**Task instructions:**
Which lines run from the start of the material below through the line containing "bedroom featuring a"? Retype them exactly, pictures excluded.

--- Data extract Enclosed Below ---

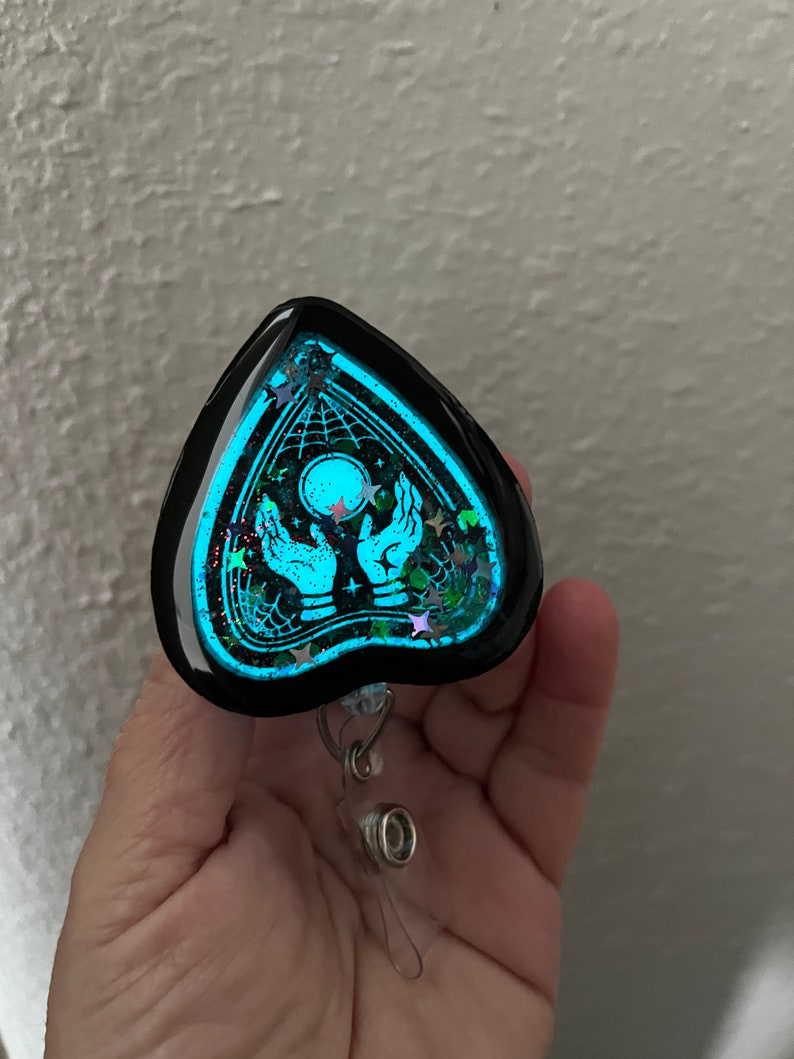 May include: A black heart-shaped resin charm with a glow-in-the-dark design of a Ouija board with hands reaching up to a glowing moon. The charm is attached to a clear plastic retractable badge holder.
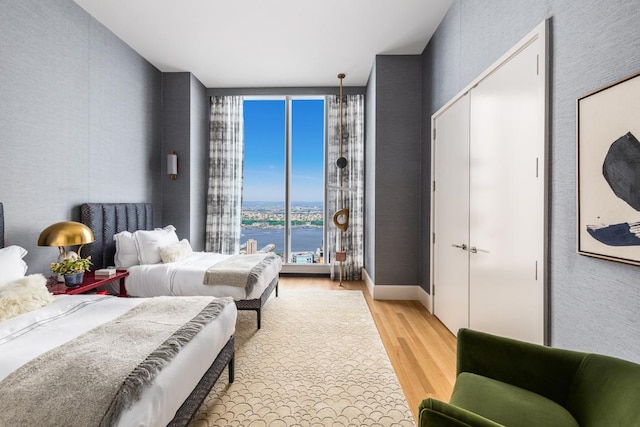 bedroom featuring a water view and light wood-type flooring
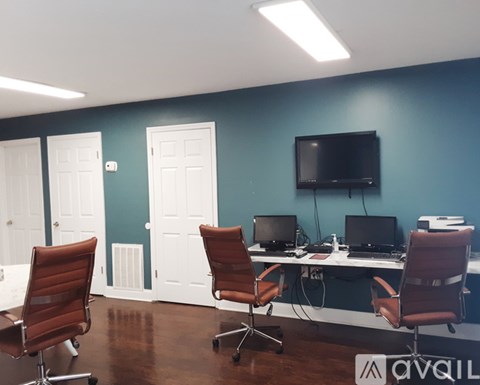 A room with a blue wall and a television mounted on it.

--- End of Enclosed Data extract ---

**Task solution:**
 May include: A black heart-shaped resin charm with a glow-in-the-dark design of a Ouija board with hands reaching up to a glowing moon. The charm is attached to a clear plastic retractable badge holder.
 bedroom featuring a water view and light wood-type flooring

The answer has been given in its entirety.